Note: This bug is displayed in read-only format because the product is no longer active in Red Hat Bugzilla.

Bug 2096326

Summary: Installer needs parameters to increase various timeout values
Product: OpenShift Container Platform Reporter: Wolfgang Kulhanek <wkulhane>
Component: InstallerAssignee: OCP Installer <ocp-installer>
Installer sub component: openshift-installer QA Contact: Gaoyun Pei <gpei>
Status: CLOSED NOTABUG Docs Contact:
Severity: low    
Priority: unspecified CC: bbarbach, lwan, padillon, rdossant, yunjiang
Version: 4.10   
Target Milestone: ---   
Target Release: 4.12.0   
Hardware: Unspecified   
OS: Unspecified   
Whiteboard:
Fixed In Version: Doc Type: If docs needed, set a value
Doc Text:
Story Points: ---
Clone Of: Environment:
Last Closed: 2022-07-25 14:07:45 UTC Type: Bug
Regression: --- Mount Type: ---
Documentation: --- CRM:
Verified Versions: Category: ---
oVirt Team: --- RHEL 7.3 requirements from Atomic Host:
Cloudforms Team: --- Target Upstream Version:
Embargoed:

Description Wolfgang Kulhanek 2022-06-13 14:32:15 UTC
Version: 4.10.6

Platform: aws (but really any)

Please specify: IPI

What happened?

We are deploying clusters with c5.metal instance types on AWS (for OpenShift Virtualization). It takes AWS sometimes too long to provision these instances and the installer therefore times out.
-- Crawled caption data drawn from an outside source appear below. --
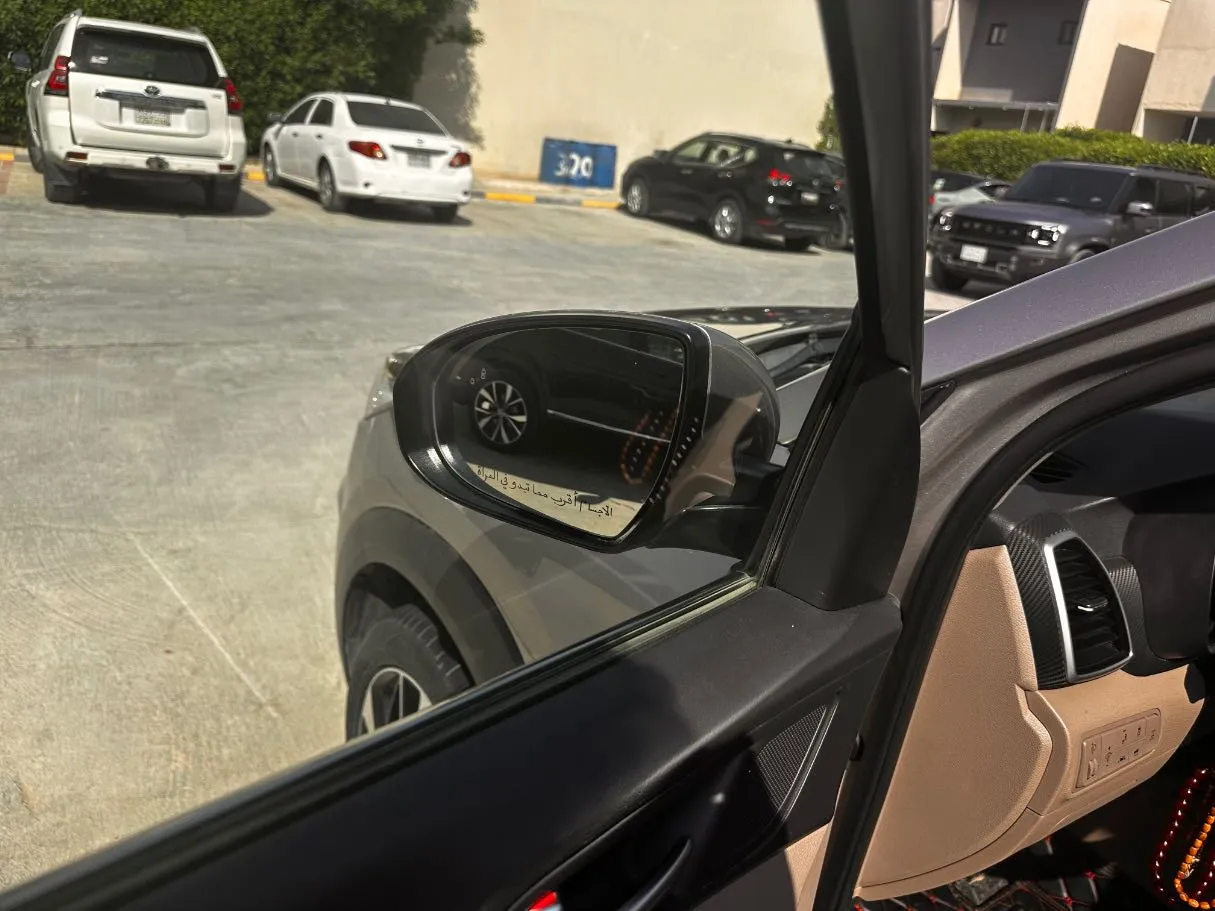 Car image 26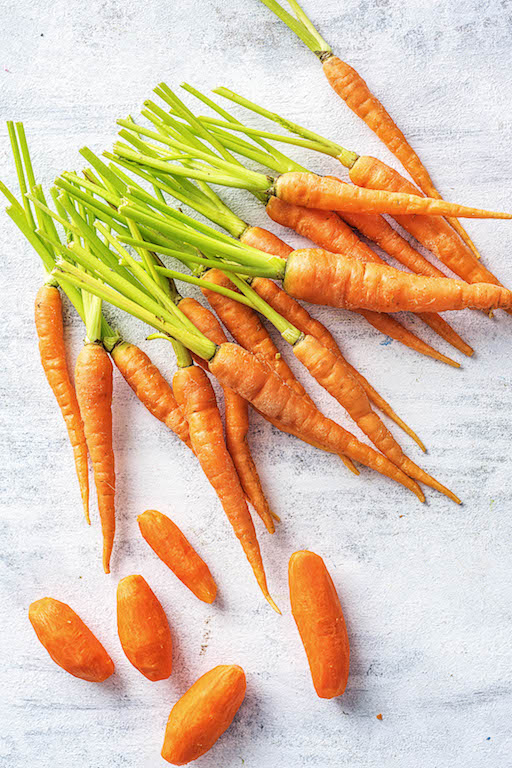 the zodiac signs-HelloFresh-spring-veggies-taurus-carrots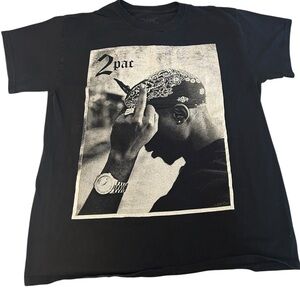2Pac Tupac Middle‎ Finger Mike Miller Portrait
Graphic T-Shirt Black Size Large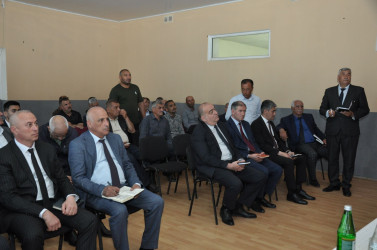 Biləsuvar Rayon İcra Hakimiyyətinin başçısı Faiq Qürbətov 14 may 2026-cı il tarixdə rayonun Ağayrı kənd sakinləri ilə səyyar qəbul keçirdi.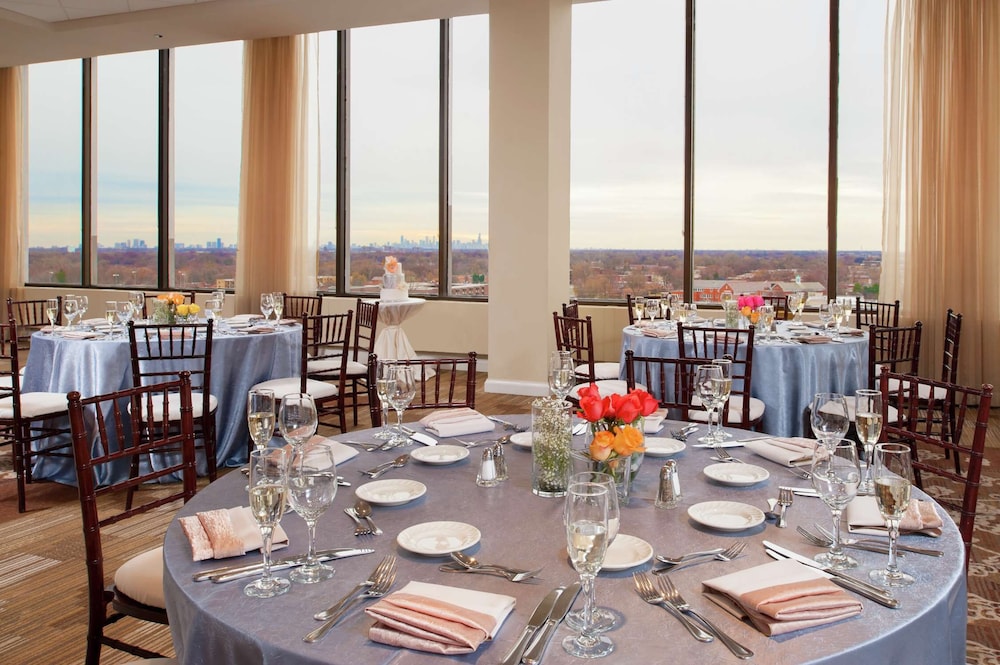 doubletree by hilton chicago north shore conference center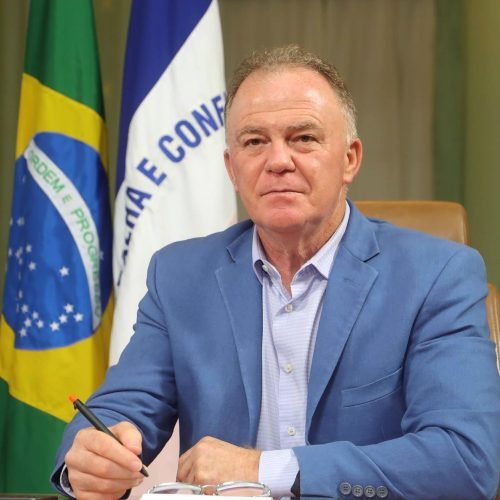 Favorito Absoluto: Casagrande lidera corrida ao Senado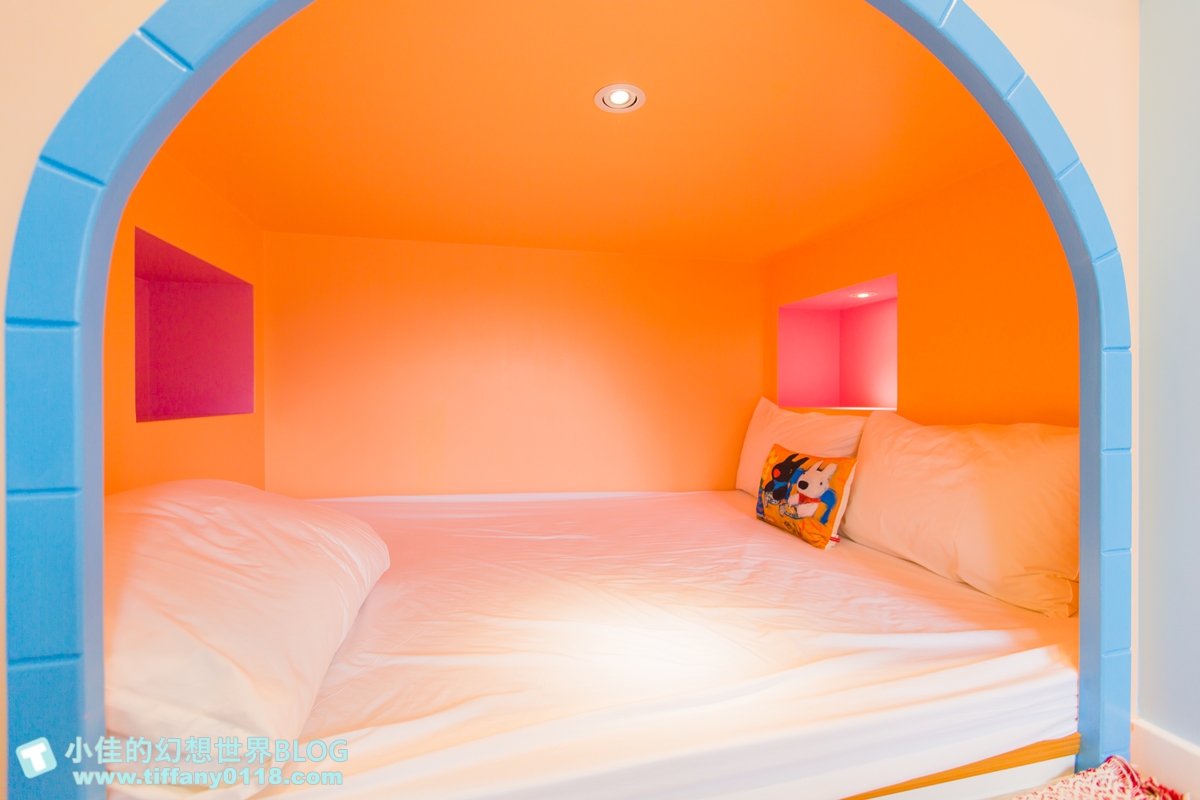 [宜蘭民宿]童樂天親子童玩民宿/米奇元素遊樂園大廳+馬可龍繽紛色系的主題滑梯房/宜蘭童玩節民宿推薦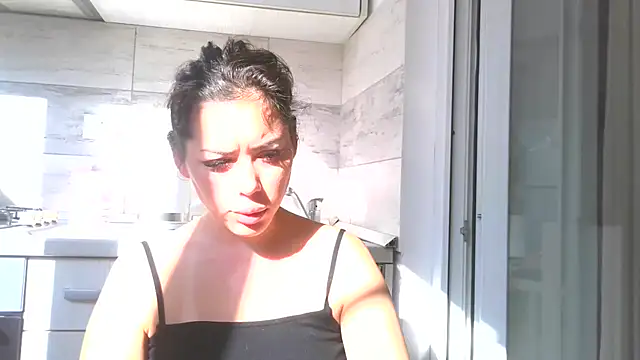 LovelyJulliette online show from 10.29.25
We could of course add manual logic to "wait-for-install-complete" but I don't think there is a timeout parameter for that command - it'll just sit there forever.

It would be a quick fix to add a few timeout parameters to the openshift-install command.

e.g. --wait-for-bootstrap-timeout = 20m, --wait-for-cluster-complete=40m

These would have sensible defaults (e.g. what is hardcoded right now) but could be overwritten if necessary.

Note while our use case is a Single Node Bare Metal install on AWS (which technically is not a supported environment) this problem surfaces even more when a whole control plane would be provisioned on bare metal instances.

Also note that this may not just be AWS - bare metal providers have much longer times to create machines than VMs.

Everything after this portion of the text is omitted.